BP shareholders are likely to suffer further setbacks following the news that Chief Executive Tony Hayward is negotiating his exit package.
Nearly four months after the Deepwater Horizon oil rig explosion BP’s boss has given into pressure and looks likely to leave his post this week.
Talks are underway to agree his settlement, which could include a pension pot worth up to £13 million.
But rumors of a multi million pound payout have angered investors and will provoke criticism from US politicians who have already pressured BP over their handling of the costly cleanup operation.
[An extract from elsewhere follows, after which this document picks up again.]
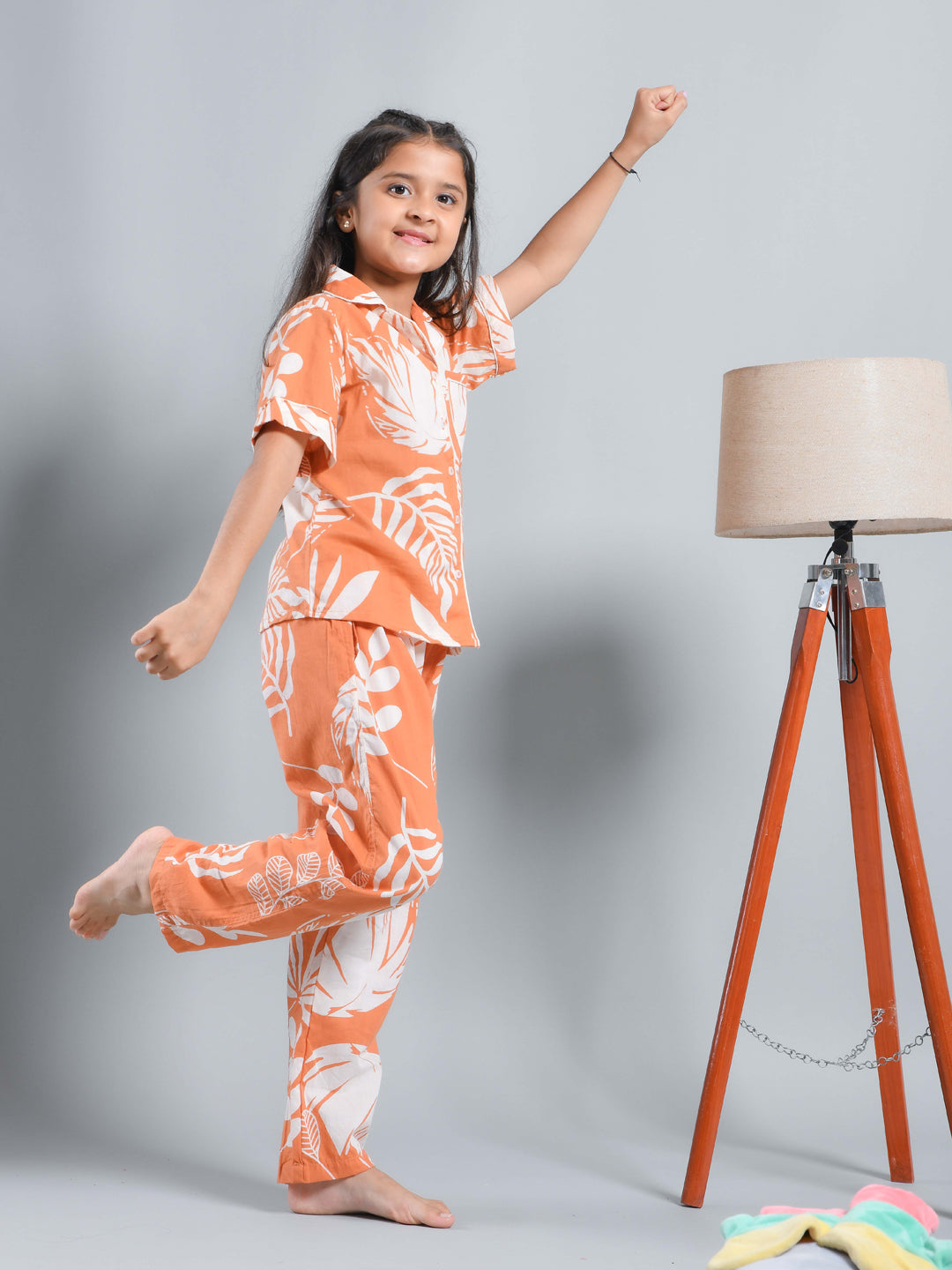 Orange Floral Printed Shirt Collar Kids Night Suit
The news will also affect U.K. shareholders who are likely to have to forgo dividend payments, which are forecast to fall for a second year after BP Plc canceled $7.5 billion of shareholder payouts to help fund the cost of cleaning up its Gulf of Mexico oil spill.
Capita Registrars Dividend Monitor said in a statement: “With the economy emerging slowly from recession, corporate profitability is improving, but dividend growth is still anaemic.
“There is a lag as companies seek to ensure solid recovery before lifting their payouts at the end of a financial period.”
However, despite the new blow to shareholders BP shares continue to be a top pick for investors who are making the most of BP’s weakened share price.
As noise around the BP oil spill continues, investors are seeing buying opportunities in the company's shares. News of Tony Hayward’s departure forced the share price up 3 per cent today and in recent weeks the price has risen, after hitting a 14 year low in April immediately after the disaster.
But some experts are warning that the run on BP shares could be short lived. Speaking to the FT Adviser PSigma Income manager Bill Mott said: “My hunch is that BP is probably too cheap but we have resisted any temptation to buy any more on risk grounds. Although this was tempting, we felt the risk was too high.”